_Action item_
The listing below should be printed exactly, every line of it. Skip the pictures.

_Data excerpt_
######

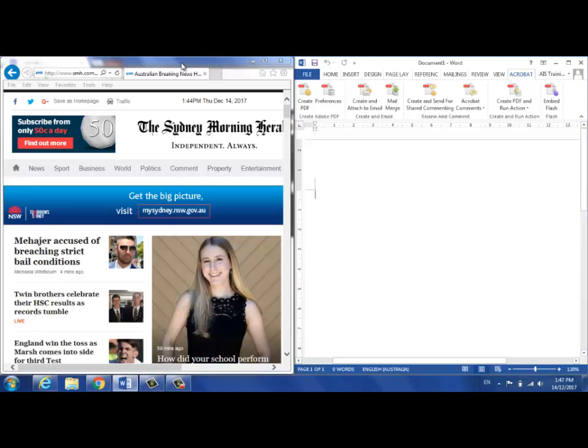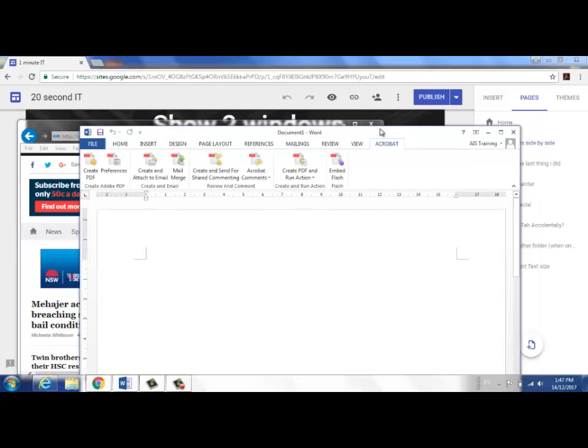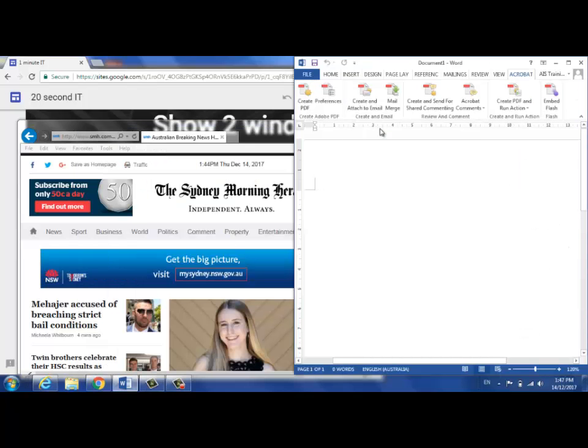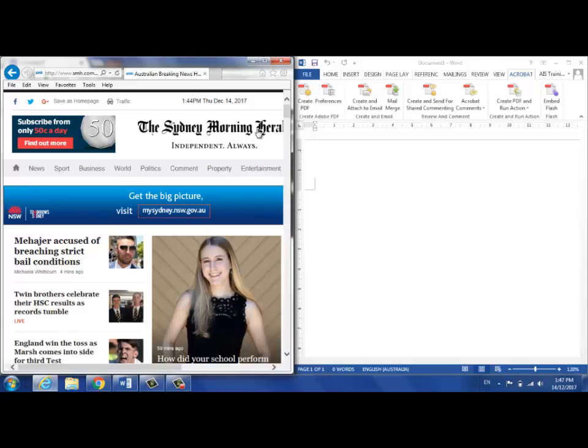Instead of that, another way of doing it is to hold the Windows key down on your keyboard beside the space bar and tap the right arrow key. And on this window, tap the left arrow key.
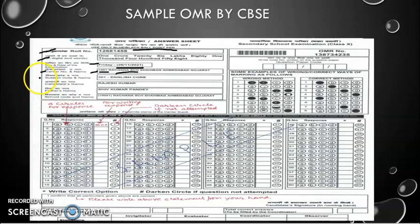Then we come to the subject code and name. Subject code is 301 for English Core; for example it is 030 for Economics. Then write the subject's name too.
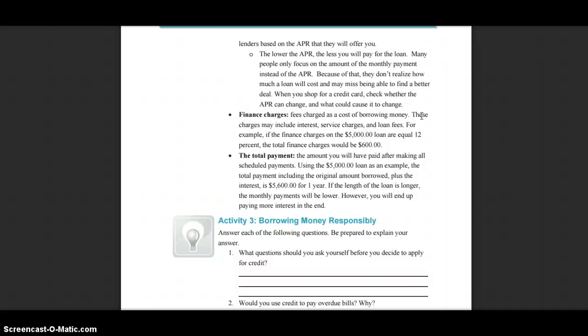Finance Charges are fees charged as a cost of borrowing money. These charges may include interest, service charges, and loan fees. For example, if the finance charges on a $5,000 loan equal 12%, the total finance charges would be $600.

######

_Your solution_
Instead of that, another way of doing it is to hold the Windows key down on your keyboard beside the space bar and tap the right arrow key. And on this window, tap the left arrow key.
Then we come to the subject code and name. Subject code is 301 for English Core; for example it is 030 for Economics. Then write the subject's name too.
Finance Charges are fees charged as a cost of borrowing money. These charges may include interest, service charges, and loan fees. For example, if the finance charges on a $5,000 loan equal 12%, the total finance charges would be $600.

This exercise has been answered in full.